Сто лет назад российским студентам досталась максимально неподходящая для учёбы эпоха. Вот что вспоминал об этом профессор Стратонов.

Фото: Собрание М. Леонидовой / МАММ / История России в фотографиях

«Московское студенчество начала двадцатых годов было одним из самых светлых явлений той горестной эпохи. Они испытывали самые тяжкие материальные лишения, но это мало отражалось на их жажде к знанию. Конечно, не было правил без исключения. Часть студенчества приспособилась к выгодам момента и не только примкнула к большевизму, но даже принимала деятельное участие в подвигах чекистов. Не могу судить о студенчестве других городов, с которым я мало сталкивался; возможно, что и там было так же.

Теперь приходилось, в качестве правила, не только учиться, но совмещать труд с учением. Многие урывали время для посещения лекций от службы в советских учреждениях, и страдало как одно, так и другое.

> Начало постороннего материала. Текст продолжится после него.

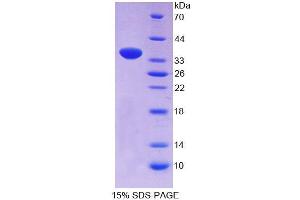 SDS-PAGE (SDS) image for Pericentrin (PCNT) (AA 2987-3246) protein (His tag) (ABIN6238638) (PCNT Protein (AA 2987-3246) (His tag))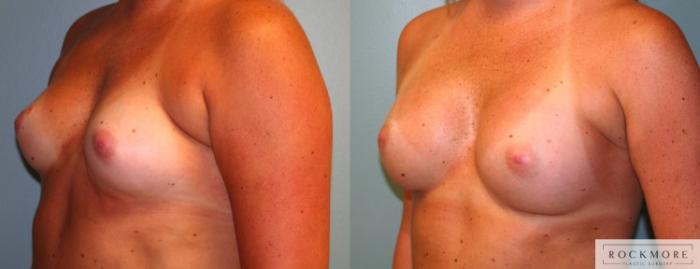 Before & After Breast Augmentation Case 167 View #3 View in Albany & Latham, New York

Благотворительные учреждения исчезли. Мы попытались, было, в 1921 году воскресить московское общество вспомоществования студентам. Группа профессоров привлекла к участию несколько былых общественных деятелей, между которыми я вспоминаю прославившегося выдачей провокатора Азефа бывшего директора Департамента полиции Лопухина. Мы собирались несколько раз в одном из наших институтов, говорили, но стало видно, что ничего не выйдет: слишком подавлял привлечённых участников страх перед большевицким террором.

Исчезли и студенческие общежития. Захваченные советской властью, они были обращены на другие цели. Помню, что в одном из них был устроен госпиталь. Правда, кое-где уже возникли новые общежития, являвшиеся пародией на старые, созданные меценатами науки.

Вопрос о помещениях играл для студенчества самую острую роль. В первое время, по приезде, пользовались бульварными скамьями и тому подобным. Но долго это длиться не могло. Устраивались, кто как умел. Между прочим, студенты нередко разыскивали заброшенные и разорённые дворницкие. В ту пору дворники повсюду переселились уже в „барские“ помещения. Вместо них с радостью селились в дворницких студенты: всё же лучше, чем ночевать на бульварах…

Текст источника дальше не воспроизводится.